I'm making a judgement based on readability, not performance. Code
that goes for performance in lieu of readability I'd call "clever,"
and that's not a compliment.  Yes, it's an opinion. You disagree.
That's fine.

> [pedantic]
> Not everything. Some things are inherently slow, for example:
>
> http://en.wikipedia.org/wiki/Busy_beaver
>
> A five-state Busy Beaver machine takes 47,176,870 steps to return, and a
> six-state Busy Beaver takes 10**21132 steps to return.
>
> A slightly less extreme example is Ackermann's Function:
>
> http://en.wikipedia.org/wiki/Ackermann's_function
>
> where (for example) A(4,2) has over 19,000 digits. Calculating the
> number of recursive steps needed to calculate that value is left as an
> exercise.
> [/pedantic]
>
> These are extreme examples, but the point is that there are tasks which
> are hard even for small N. "Find N needles in a haystack" remains hard
> even for N=1.
>

Now you're just arguing for the sake of being right (points for
marking it [pedantic], I suppose). The busy beaver and Ackermann
function have no bearing on this discussion whatsoever. If we're going
to argue pedantically, the 1-state busy beaver (n=1) finishes in one
step, and A(1,0) = A(0, 1) = 2. Even those are fast for small n, they
just grow ridiculously quickly.

Also, (pedantically), the problem "find needles in a haystack" grows
in the size of the haystack, not the amount of needles. So the more
appropriate n=1 version would be a haystack of size 1 with a needle in
it. Which is quite easy.

> (And before you suggest using a magnet, it's a *plastic* needle.)

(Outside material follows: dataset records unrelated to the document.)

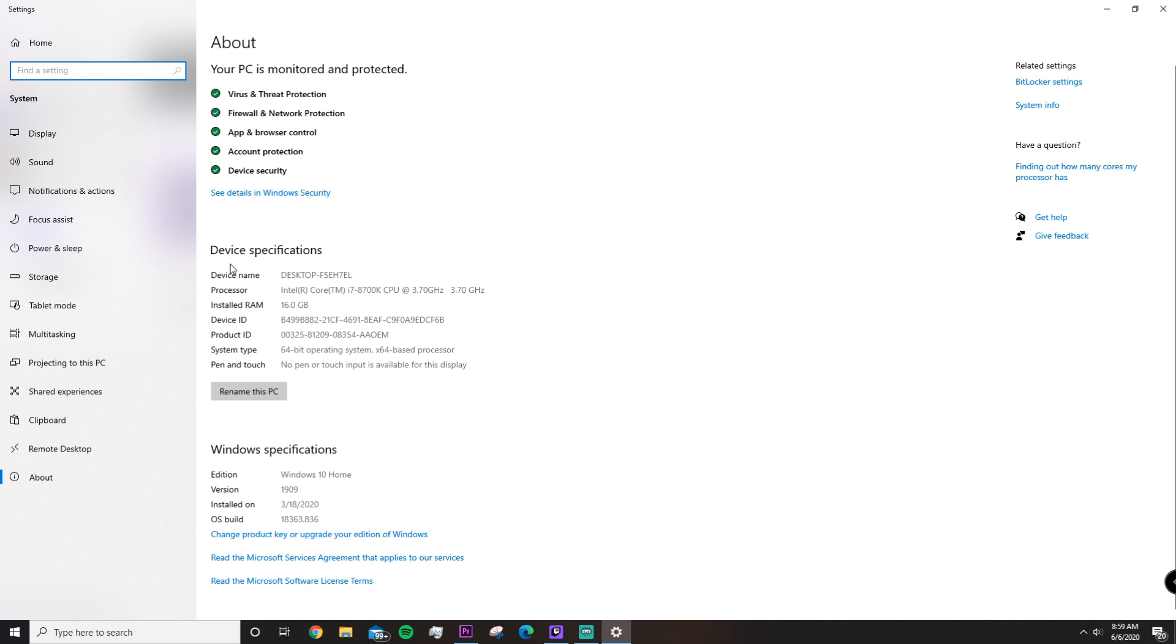Then under Device Specifications, you're going to look for Installed RAM. As you can see, I have 16 gigabytes of RAM.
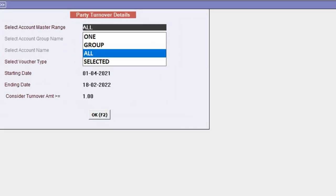Now in the next screen, the first option is Select Account Range. In this, you have several options. The first option is One - select this option if you want to check the turnover of a specific party.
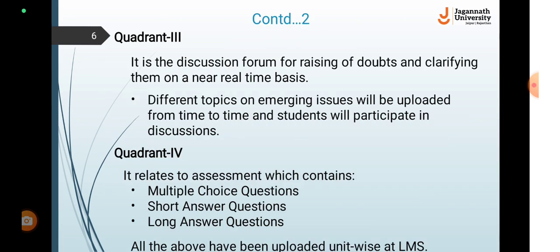In the next quadrant, it is the discussion forum for raising doubts and clarifying them on a near real-time basis. Different topics on emerging issues will be uploaded from time to time by us and you will participate in discussion. We will discuss the emerging issues in discussion forums.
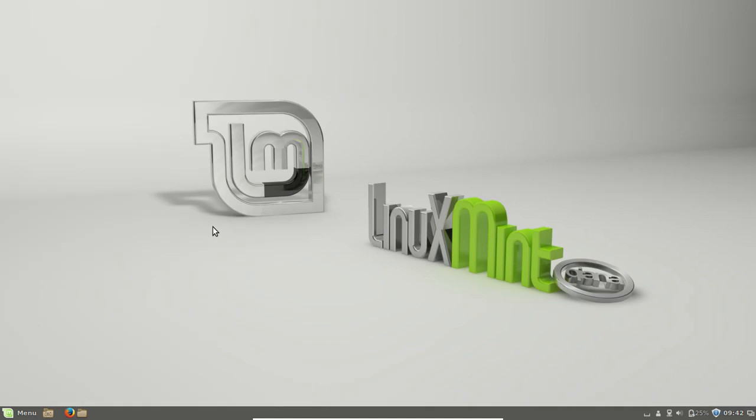G'day YouTube! This is just a quick video to show you how to install the KDE desktop on Linux Mint Kiana or Linux Mint 17. It's fairly easy to do, so I'll show you through the steps now.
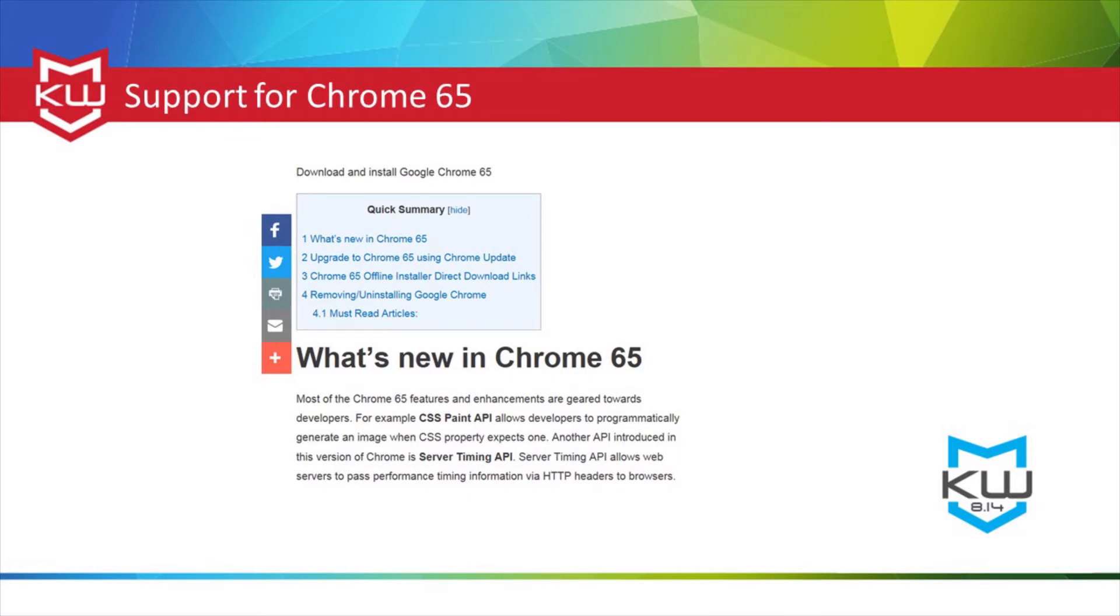In addition to the new guided setup tool, version 8.14 of KeyAware for Windows adds support for Chrome 65.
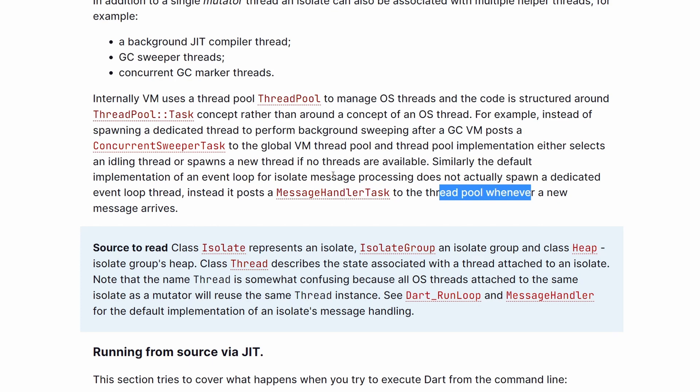So this concludes that, unfortunately for all these articles and what many people have told me, isolates do not equal threads. They are not threads, and they do not contain a single thread that would execute the code. With that, like this video, subscribe, and I'll see you next time. Bye-bye.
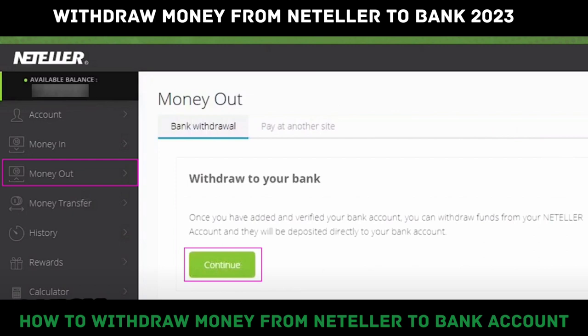It's a very quick and easy process, so make sure to follow along to the end. First of all, if you have any available balance or funds within your Neteller account, all you have to do is sign into your account and from the left side of the website, select the money out option.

That solution is not in the spirit of the problem, and since I know
that, I wouldn't bring it up.

>
> The problem is that situations that won't be encountered often *are*
> encountered, long after the coder who introduced the poorly-performing
> algorithm has moved on.
>
> Here's a real-life example, from Python itself: last September, on the
> Python-Dev mailing list, Chris Withers reported a problem downloading a
> file using Python's httplib module. For a file that took wget or
> Internet Explorer approximately 2 seconds to download, it took Python
> up to thirty MINUTES -- that's nearly a thousand times slower.
>
> Eventually Chris, with the help of others on the list, debugged the
> problem down to a Shlemiel algorithm in the httplib code. Somebody
> found a comment in the _read_chunked method that said:
>
>   # XXX This accumulates chunks by repeated string concatenation,
>   # which is not efficient as the number or size of chunks gets big.
>
> So somebody used an algorithm which they KNEW was inefficient and slow,
> it had been there for years, affecting who knows how many people, until
> eventually somebody was annoyed sufficiently to do something about it.
> And the sad thing is that avoiding repeated string concatenation is
> easy and there was no need for it in the first place.
>

Estimating the size of your input is sometimes hard. That's a valid
point. OTOH, that line of code takes maybe 10 seconds to write, and
after profiling reveals it to be slow (you *are* profiling your code,
right?) you can easily replace it with something more appropriate. Or
your successor can, since he'll have no problem figuring out what it
does.

>
> You've missed the point. It's not the language, you can write poorly
> performing code in any language, and an O(N) algorithm in a slow
> language will probably out-perform an O(N**2) or O(2**N) algorithm in a
> fast language.
>

That wasn't the point I was trying to make. My point was that speed is
not always the primary concern, and if it is, you shouldn't be writing
code in python anyway, since it is always possible to write a program
in C that performs better.

Alan's code makes a trade-off between performance and readability. I'd
call it the easiest to read solution so far. That's a trade-off that
may or may not be appropriate. My point is that you shouldn't dismiss
the code just because the algorithm sucks. You should only dismiss it
because the algorithm sucks *and* your code will have to handle large
inputs.

Hugo